In previous posts, we have discussed how the U.S. experienced fairly aggressive growth in consumer credit in the three-month period between November 2011 and January 2012. Some debt-related statistics that were recently reported on by Reuters indicate that this aggressive growth may now be slowing.
The statistics are from the Federal Reserve and they regard consumer credit in the U.S. in February 2012. The statistics indicate that, while the U.S. did experience an increase in consumer credit in February, this increase was more modest than the increases the U.S. saw in the preceding three months.
Reportedly, in February 2012, non-revolving credit (a credit category that includes things like student loan debt and auto loan debt) went up by $10.94 billion and revolving credit (a credit category that includes things like credit card debt) dropped by $2.21 billion.
Thus, overall, the amount of credit held by consumers in the U.S. rose by $8.73 billion in February 2012. In contrast, in each of the preceding three months (November 2011, December 2011 and January 2012) the U.S. saw an increase in consumer credit of at least $16 billion.

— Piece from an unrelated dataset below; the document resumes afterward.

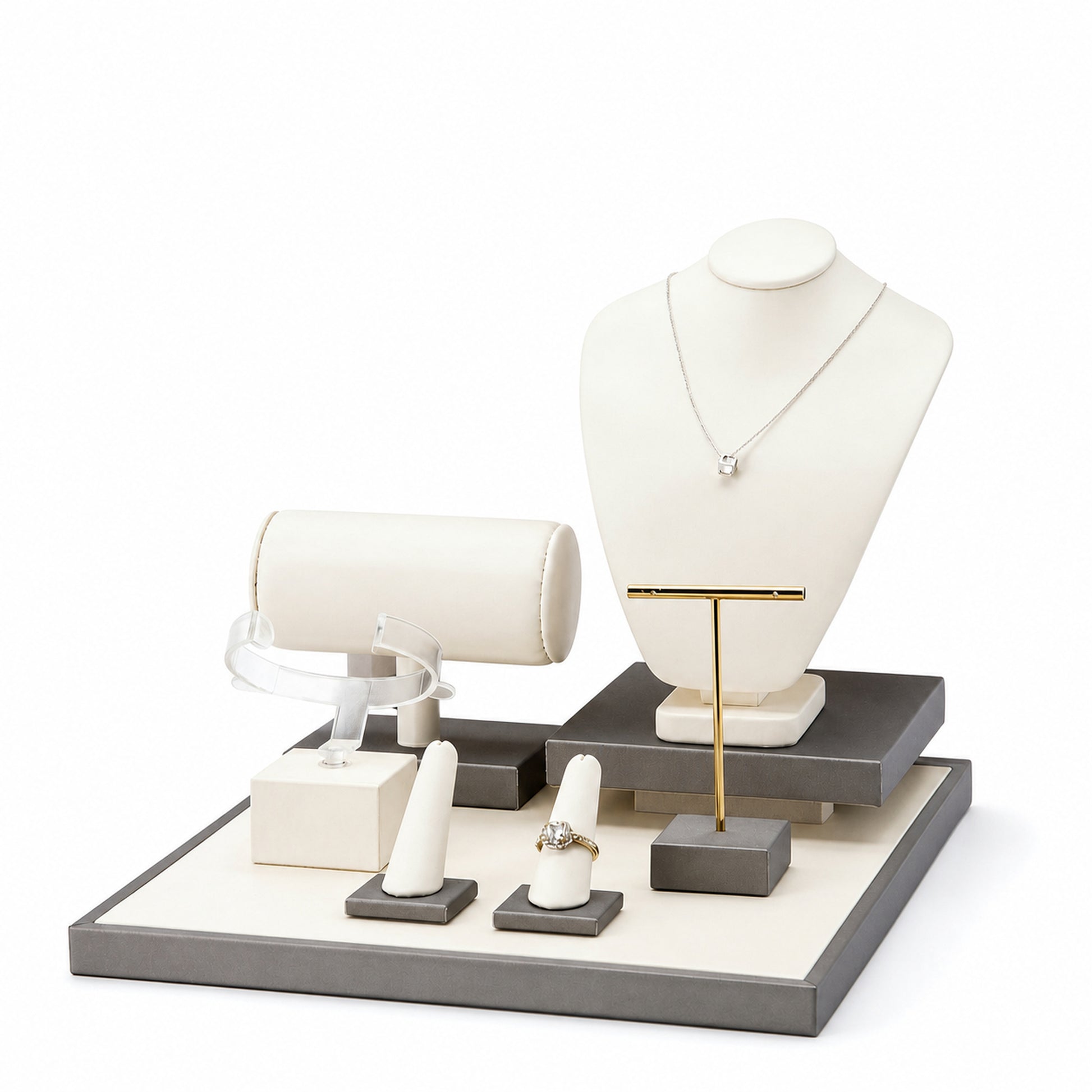 Custom Ivory Gray Multi-Level Jewelry Display Set without the backboard, showing necklace bust, bracelet roll, T-bar, ring stands and tiered platforms for configuration review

Thus, the statistics indicate that, while the U.S. is continuing to see a trend of increases in consumer credit, the size of these increases is shrinking. One wonders what is causing this reduction in the pace of the growth of consumer credit and what effects this reduction in pace and its causes are having on consumers in Florida and the rest of the country. One also wonders if this slowing of the pace of consumer credit growth is, on balance, a good or a bad thing.